Жить ему оставалось два дня, и то был последний раз, когда он с ними разговаривал, но о телефонном звонке договорились заранее, и вечером третьего за час до того, как он сел за ужин с Вивиан и Лисой, мать и Гил позвонили из Нью-Йорка пожелать ему счастливого дня рождения и удачи в лондонской поездке. Фергусон сказал Гилу, что возьмет с собой «Нашего общего друга» (девяносто первую книгу из списка), которая составит ему компанию в двух долгих переездах через Канал (каждый по одиннадцать часов), но сомневался, что в Лондоне у него останется время на чтение, поскольку расписание у него там стало ужас каким плотным. Как бы то ни было, после этой ему останется прочесть всего девять книг, и они с Вивиан планируют со всеми ними покончить к концу мая, но какое же это удовольствие – жить в изобильном мозге этого англичанина, заметил он, а после того, как они с профессором Вивиан прикончат сотую книгу, ему хочется наверстать со всеми остальными романами Диккенса, которых еще не прочел.
Затем трубку взяла мать и заговорила с ним о погоде. Англия – место сырое, сказала она, и ему следует всегда помнить о зонтике и надевать плащ, а то и купить пару калош, чтобы защищать ноги и обувь. В любой другой день Фергусон от такого бы впал в раздражение. Она разговаривает с ним, как с семилетним ребенком, и по привычке он бы от нее отмахнулся, простонав, или высмеял бы каким-нибудь потешным и едким замечанием, но именно в тот день никакого раздражения он не ощутил – напротив, его это позабавило, и согрела, и повеселила его эта нескончаемая материнскость, что продолжала в ней гореть. Конечно, нет, ма, сказал он. Я никуда не буду выходить без зонтика. Честное слово.
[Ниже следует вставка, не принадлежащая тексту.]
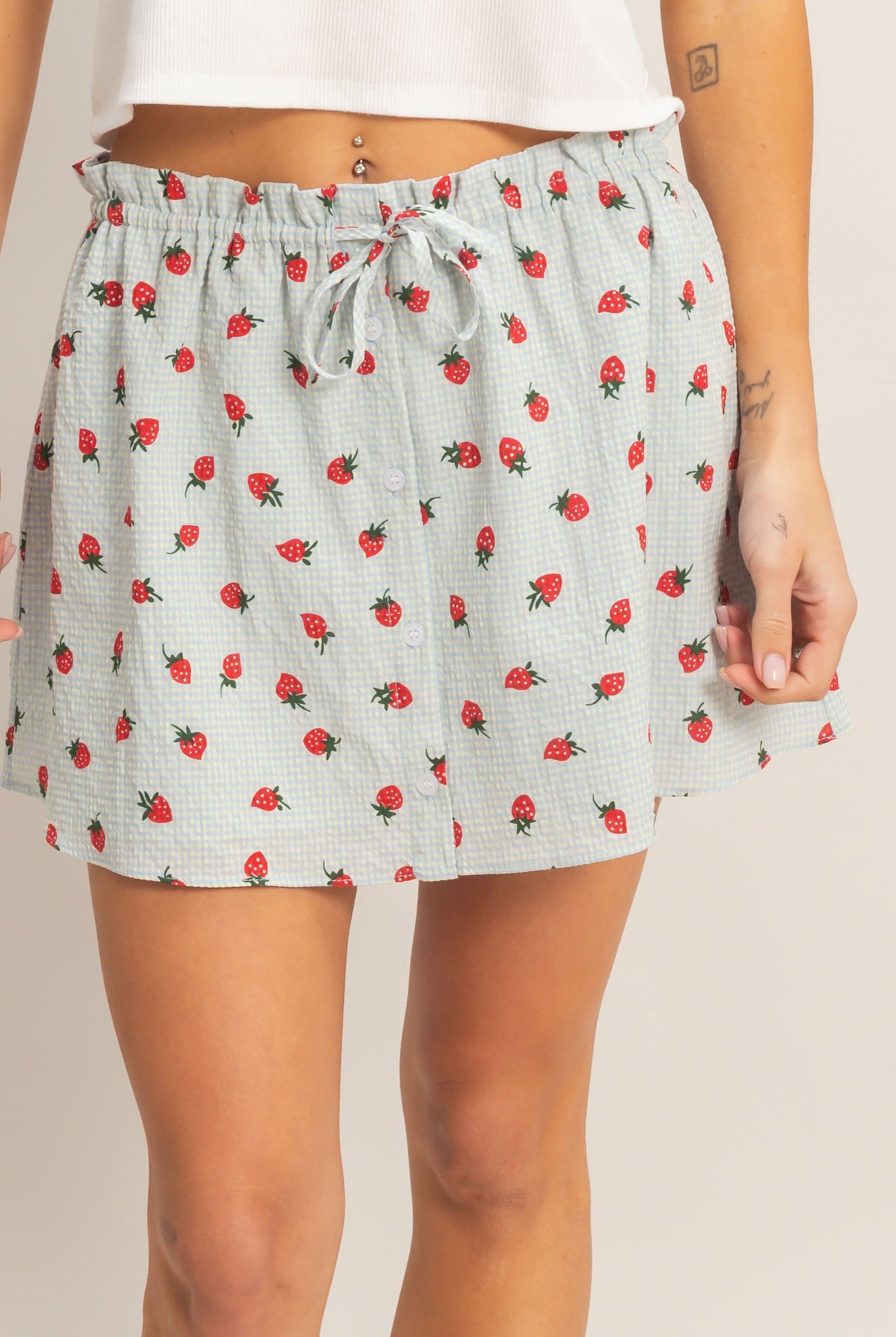 Wholesale Strawberry Print Gingham A-Line Skirt Skirts HF26A598 BLUE HYFVE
Так случилось, что как раз зонтик свой Фергусон забыл в поезде, прибыв в Лондон утром пятого. Он не намеревался его терять, но в суете сборов пожитков и выскакивания на перрон в поисках Обри зонтик оказался позабыт. И да, дождь лил в то утро на город, как его мать и предсказывала, поскольку Англия и впрямь была сырым местом, и первое же, что поразило Фергусона в ней, были запахи, натиск новых запахов, что вторглись в его тело в тот же миг, когда он покинул воздух своего купе и оказался на воздухе вокзала, запахи, что совершенно не походили на запахи Парижа и Нью-Йорка, атмосфера ершистее, колючее, заряженная смешанными истеченьями влажных шерстяных пиджаков и горящего угля, и влажных каменных стен, и дыма сигарет «Плейерс» с их чересчур сладким виргинским табаком в отличие от прямоты «Голуазов» и чуть пригоревших ароматов «Лаки» и «Камелов». Иной мир. Все до крайности другое, а поскольку еще стояло начало марта и весна пока не наступила – озноб новой разновидности, пробиравший до костей.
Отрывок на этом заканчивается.